Implementationally, the cache-ring algorithm operates very similarly to the hash table - the primary difference is in the data structures used. It turns out that even with a very fast hashing function, the hash table method is slowed because the table entry for that edge is rarely still in fast cache when it is accessed by subsequent voxels. And, most-importantly, when we suffer a cache miss for an edge, we are just as likely to suffer a miss on lookups of subsequent edges in the same direction. This is not the case with the cache-ring algorithm. This is because on a cache miss the memory management unit (MMU) brings in in entire cache line of data, rather than just the single requested item. This standard technique is generally efficient because of the law of data locality: if a memory address is being accessed now, its neighbors are likely to be accessed in the very near future . We turn this mechanism to our advantage with cache-rings, as we essentially prefetch most of our data.

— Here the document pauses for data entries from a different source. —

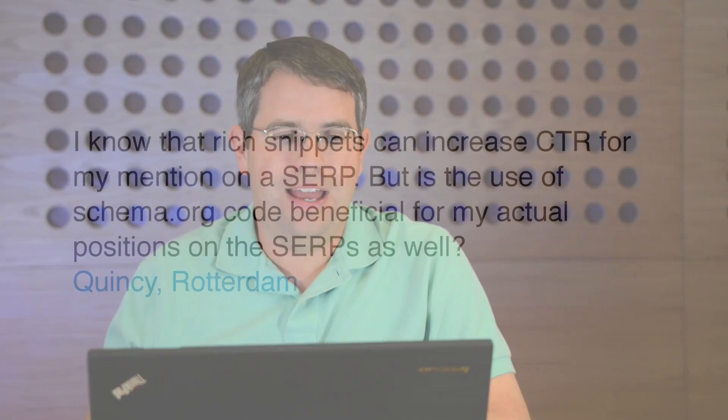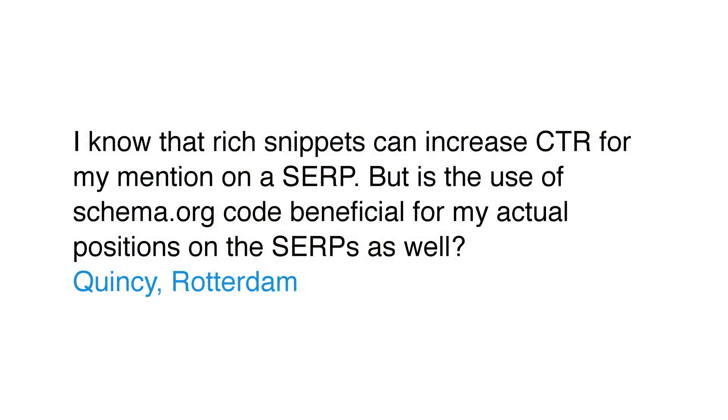Today's question comes from Quincy in Rotterdam. Quincy wants to know: I know that rich snippets can increase CTR for my mention on a SERP, but is the use of schema.org code beneficial for my actual positions on the SERPs as well?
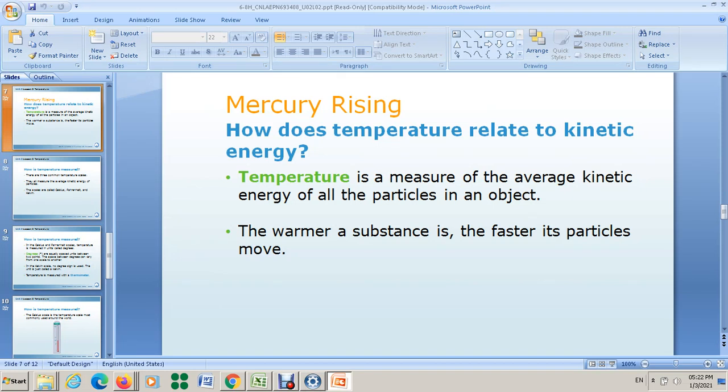In this video we want to talk about the meaning of temperature — what temperature is, the factors that affect it, the equipment we use to measure it, and the skills to use the thermometer. Let's start talking about temperature.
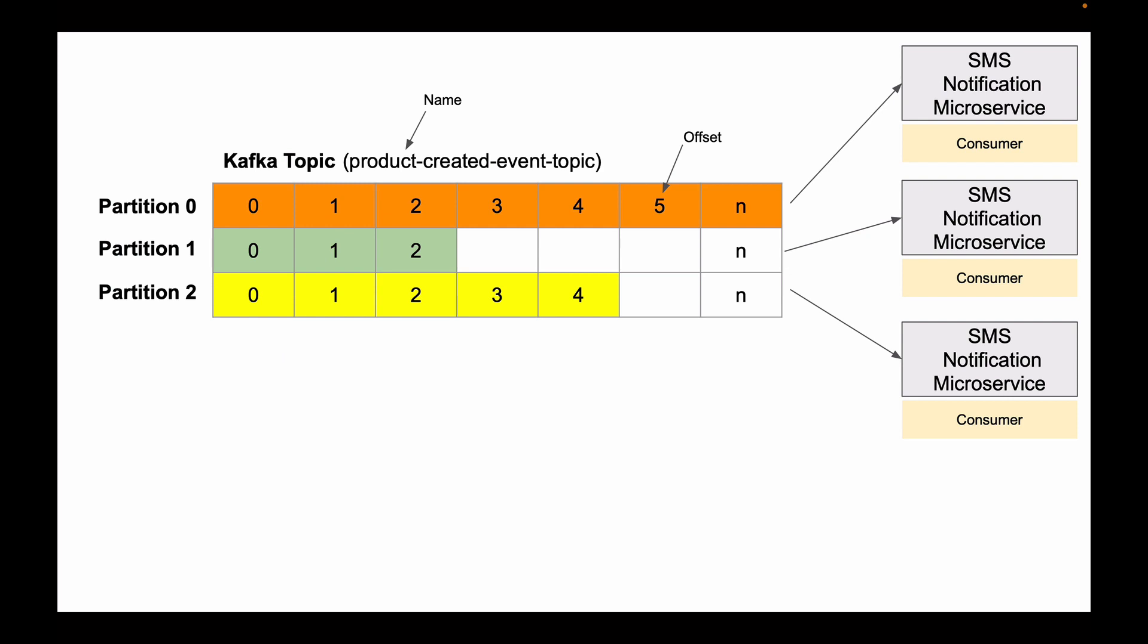So Kafka topic is append-only, and a new event is always added at the end.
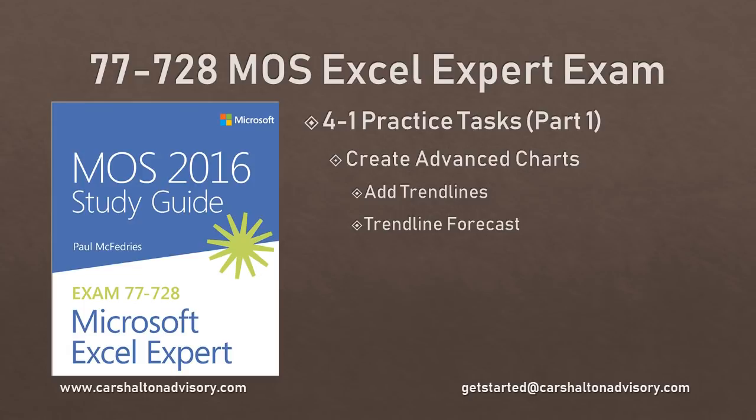This is Craig with Karshalton Advisory. In this video we're going to go through the Excel Expert 4.1 practice tasks for the Microsoft Office 2016 study guide for Microsoft Excel Expert. Let's get started.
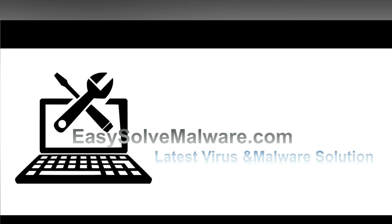That's all. Thank you for watching the video from easy-solve-malware.com.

In practice, we did not see as much speed-up as we had anticipated. This turned out to be because we were knocking our own data out of the cache as we tried to keep six rings stored there at the same time. Realizing that all of the necessary data is redundantly stored in multiple rings, we can begin carefully merging some of the rings.
The first improvement comes from recognizing that ring
r[i,j-1,k] is exactly the same length as ring r[i,j-1,k-1], and the data is all the same - just shifted over one. To avoid colliding with ourselves in the cache, we combine these lists by zippering them together into a single ring. The same process is applied with rings r[i-1,j,k] and r[i-1,j,k-1]. The second improvement comes from removing r[i,j,k-1], since this ring only has one element! Instead, the current and next values from this ring are stored in global variables.
This leave us with three cache-rings: r[i,j-1,k], r[i-1,j,k] and r[i-1,j-1,k]. Our final optimization is to eliminate the last ring, r[i-1,j-1,k] by combining it with r[i-1,j,k]. This operation introduces a complication, though, because ring r[i-1,j-1,k] is nz voxels longer than ring r[i,j-1,k]. We clean this up by initially storing the r[i-1,j-1,k] data in ring r[i,j-1,k] and then copying it into r[i- 1,j,k] when the first ring has cycled. For our final implementation, we are left with two cache-rings then: r[i-1,j,k] and r[i,j-1,k]. For simplicity, we will refer to these as RX and RY, respectively.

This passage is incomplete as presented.